Oman's History of the Peninsular War - Vol. 3

Just downloaded Felbrigg's latest, a recording of Volume 3 of Oman's massive history of the Peninsula war.  I've enjoyed the first two volumes and I'm about two chapters into the third, which is just as good.  Great stuff to listen to while you're painting. 

The recording is available via Audible and is about $24, which is around $1 per hour of recording. Good value in any man's language. 

For anyone with an interest in the Peninsula war, the Napoleonic period or military history in general, recommended. 


  1. Oman is a neglected treasure these days, and I'm genuinely glad that someone is doing this, but I have to say that your "any man's language" reference is unfortunately apt. I found in Vol.1 that the aggressive Anglicisation (is there such a word?) of all possible names and places which happened not to be English was jarring and so over the top that i can only assume it was deliberate. Generals JOONOT and LOYZON and so on. I've observed before in some British military chappies (notably battlefield guides) that all foreign words are corrupted as a matter of obligation - it's kind of expected - Pen & Sword serve as a recent example. The spirit of Wipers lives on. Kwatra Brar. Almeedia. Much, much more. Get a grip, gentlemen.

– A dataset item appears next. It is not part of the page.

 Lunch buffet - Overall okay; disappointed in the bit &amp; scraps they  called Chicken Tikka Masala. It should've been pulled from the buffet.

    We've discussed this before - it is an unfortunate but inevitable property of warfare that it involves different nations and therefore different languages - I don't expect any snobbery or stupid affectation, but I do expect presenters and narrators to smarten up and recognise that. I've recently sat through all of the BBC WW1 DVDs, and all Thames TV's WW2 ones, and I have to say that the respective narrators, Messrs Redgrave and Olivier, did a thoroughly professional job, which kind of sets the standard.

    With respect, of course. Maybe the later volumes have improved in this respect?

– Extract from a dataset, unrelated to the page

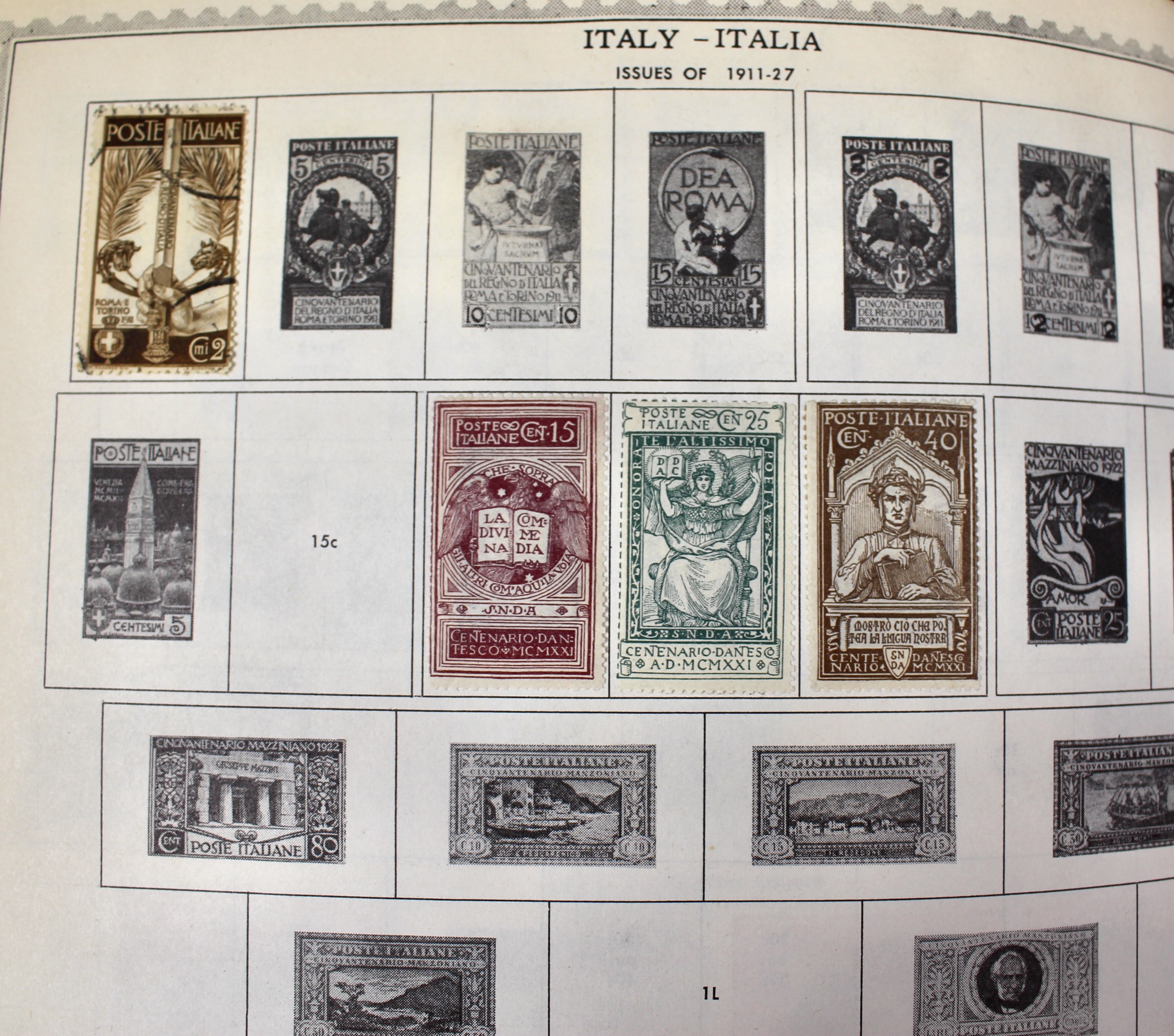 Minkus Master Global Stamp Album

    1. They're about the same. To be honest, it doesn't bother me. I'm very happy that the recording exists at all.

    2. Overall I agree, Mr Kink. I admit that this is a personal FOYble of mine, and it's not entirely because I'm a prig (though that undoubtedly contributes). When someone reads a book to me, it's nice if I can somehow suspend reality and pretend that the author himself is speaking - Dr Sir Charles Oman (or OMMIN, as we prefer to call him) was certainly an usually highly educated man and it grates a bit when his alter ego on the recording can't handle the words in his specialist subject...

      Vol.1 for me was fine, except that I had to keep checking with the book to see who the devil (and where) he was on about. Pity Sir Laurence Olivier [ELEPHANT] was unavailable for the gig.